QUESTION: (I translated it into English so you might find somewhat awkward..)
A company wants to get information about the lifespan of certain machines. Let's say that the lifespan of the machines follows an exponential distribution which is $p(y|\theta)=\theta e^{-\theta y}(\,y>0)$
After examining 50 machines, the average lifespan of the machines was 756 hours. Find a 95% HPD credible interval for $\theta$.(Use a non informative prior $p(\theta)=\theta^{-1}$
Hello. I'm studying Bayesian statistics with some textbook and I came across this question. I guess I'm having trouble understanding this part => 'After examining 50 machines, the average lifespan of the machines was 756 hours'. Does this mean that there are 50 samples every which follows an exponential distribution..?
If I think of it like that, the likelihood would be $p(y_{1},..,y_{50}|\theta) = \theta^{50}e^{-\theta\sum_{i=1}^{50}\large y_{i}}$ and by using a given prior we can get the posterior distribution $p(\theta|y_{1},..,y_{50}) \propto \theta^{49}e^{-\theta\sum_{i=1}^{50}\large y_{i}}$ which is Gamma(50, $\sum_{i=1}^{50}\large y_{i}$)
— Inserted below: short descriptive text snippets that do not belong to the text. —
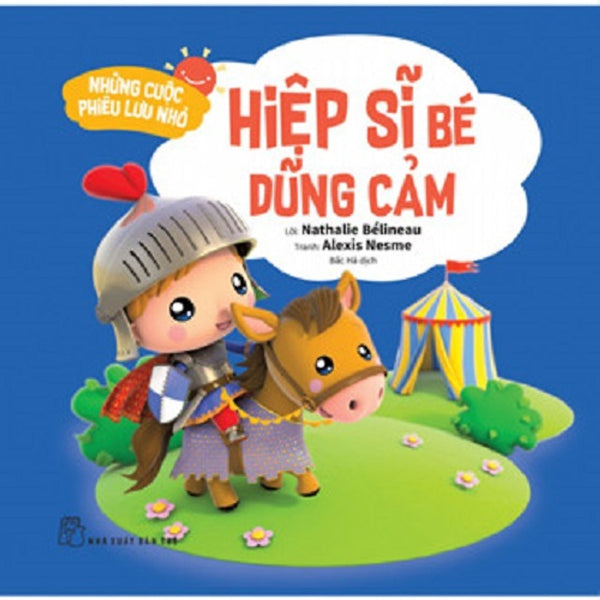 Những Cuộc Phiêu Lưu Nhỏ: Hiệp Sĩ Bé Dũng Cảm (Nxb Trẻ)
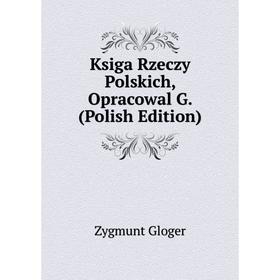 

Книга Ksiga rz eczy Polskich, Opracowal G. (Polish Edition)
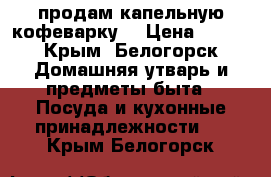 продам капельную кофеварку. › Цена ­ 800 - Крым, Белогорск Домашняя утварь и предметы быта » Посуда и кухонные принадлежности   . Крым,Белогорск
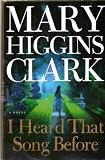 I Heard That Song Before: A Novel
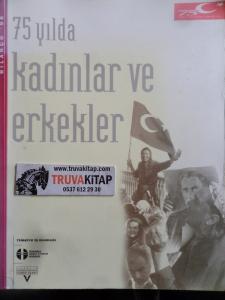 75 Yılda Kadınlar ve Erkekler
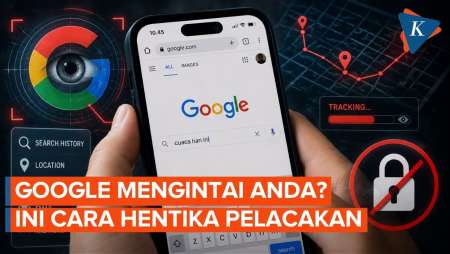 Waspada Dilacak Google, Begini Cara Mematikannya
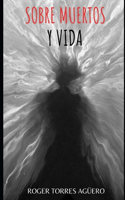 Sobre Muertos y Vida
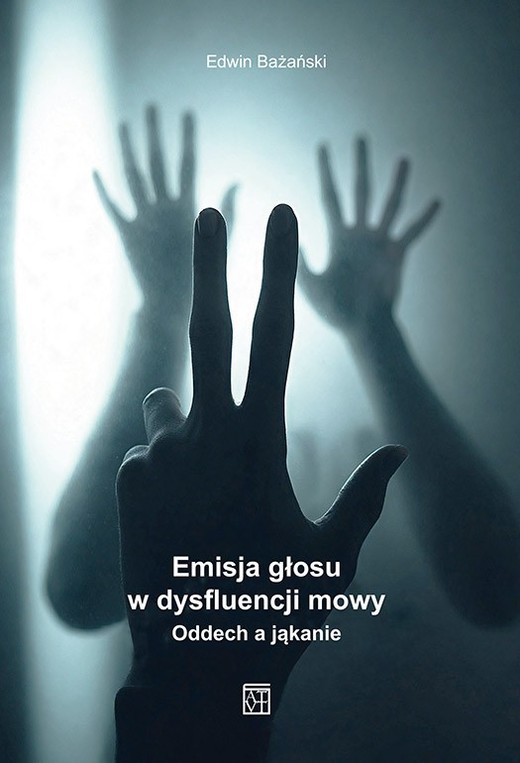 okładka Emisja głosu. Emisja głosu w dysfluencji mowy. Oddech a jąkanie książka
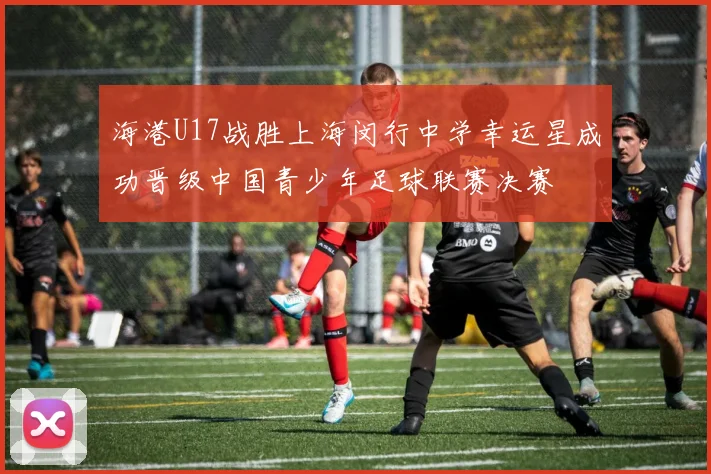 海港U17战胜上海闵行中学幸运星成功晋级中国青少年足球联赛决赛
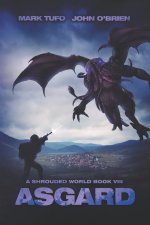 A Shrouded World 8: Asgard: A Jack Walker and Michael Talbot Adventure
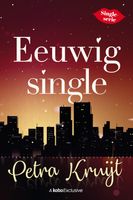 Eeuwig single - Petra Kruijt - ebook
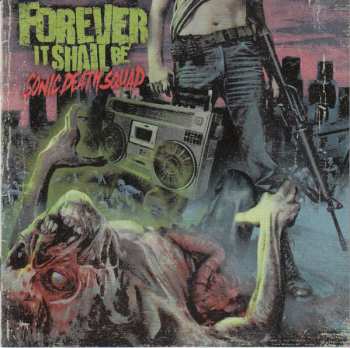 CD Forever It Shall Be: Sonic Death Squad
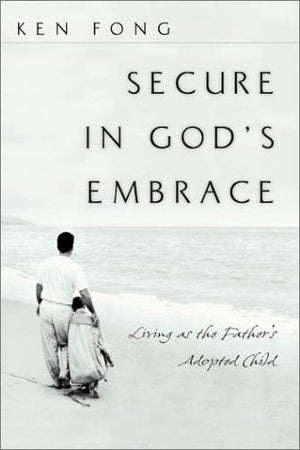 Secure in God's Embrace: Living as the Father's Adopted Child,Used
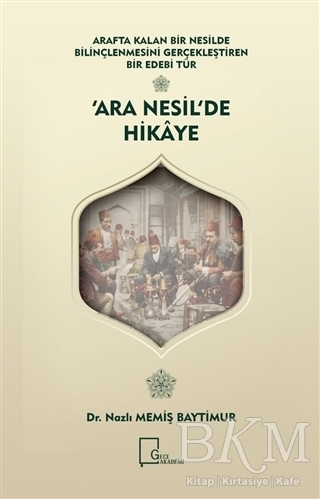 Arafta Kalan Bir Nesilde Bilinçlenmesini Gerçekleştiren Bir Edebi Tür - Ara Nesil`de Hikaye - Gece Akademi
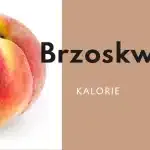 Brzoskwinia - Kcal i Węglowodany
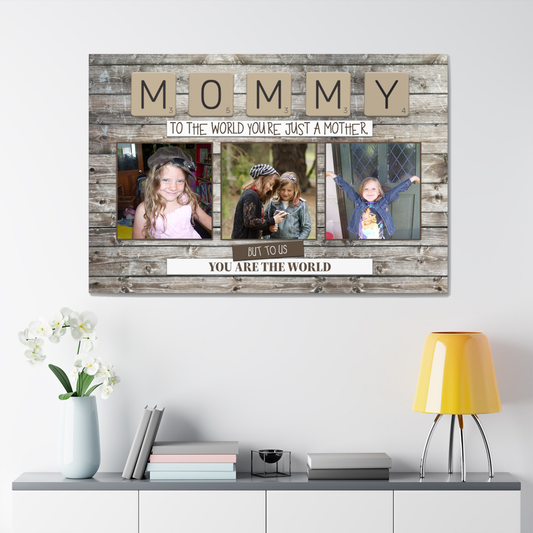 Mommy Personalized Canvas | You Are The World | 3 Photos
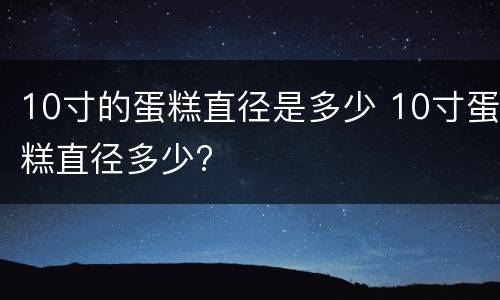 10寸的蛋糕直径是多少 10寸蛋糕直径多少?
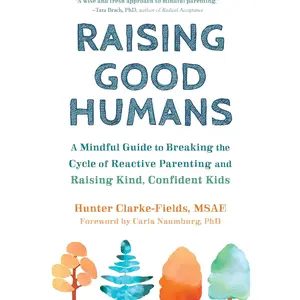 Raising Good Humans: A Mindful Guide to Breaking the Cycle of Reactive Parenting and Raising Kind, Confident Kids
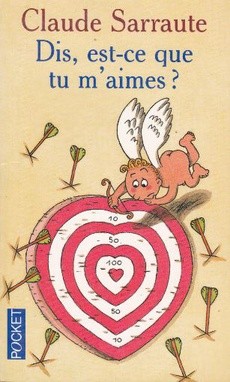 Dis, est-ce que tu m'aimes ? - couverture livre occasion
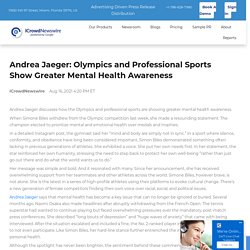 Andrea Jaeger: Olympics and Professional Sports Show Greater Mental Health Awareness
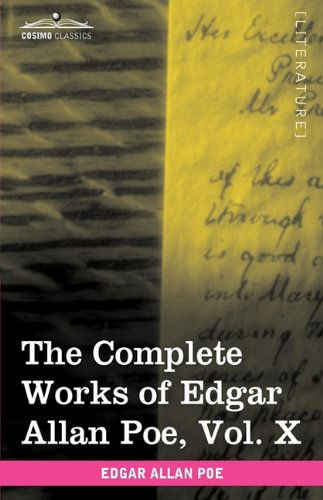 Cover for Edgar Allan Poe · The Complete Works of Edgar Allan Poe, Vol. X (In Ten Volumes): Miscellany (Paperback Book) (2009)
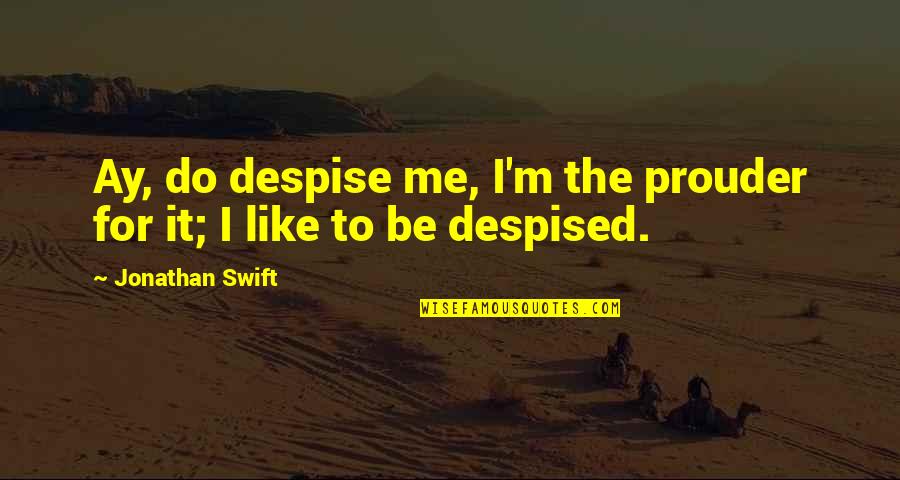 Prouder Quotes By Jonathan Swift: Ay, do despise me, I'm the prouder for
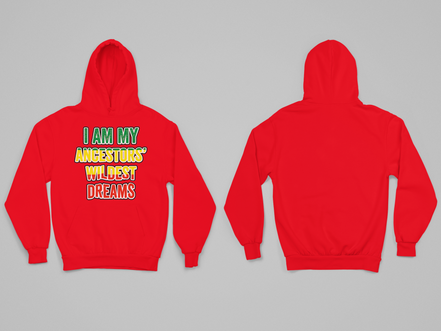 I Am My Ancestors’ Wildest Dreams Hoodie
Now I have everything except $\sum_{i=1}^{50}\large y_{i}$. I guess I can get something from 'average lifespan was 756 hours' but isn't this average lifespan is about parameter $\theta$? How can I derive something that has to do with $\sum_{i=1}^{50}\large y_{i}$
Any help is appreciated.
Yes. All samples taken are assumed to come from an exponential distribution.
You have the sample mean of the $y_i$: $1/50 \sum_i^{50}y_i = 756$ so now you can find the summation you are looking for to compute your posterior.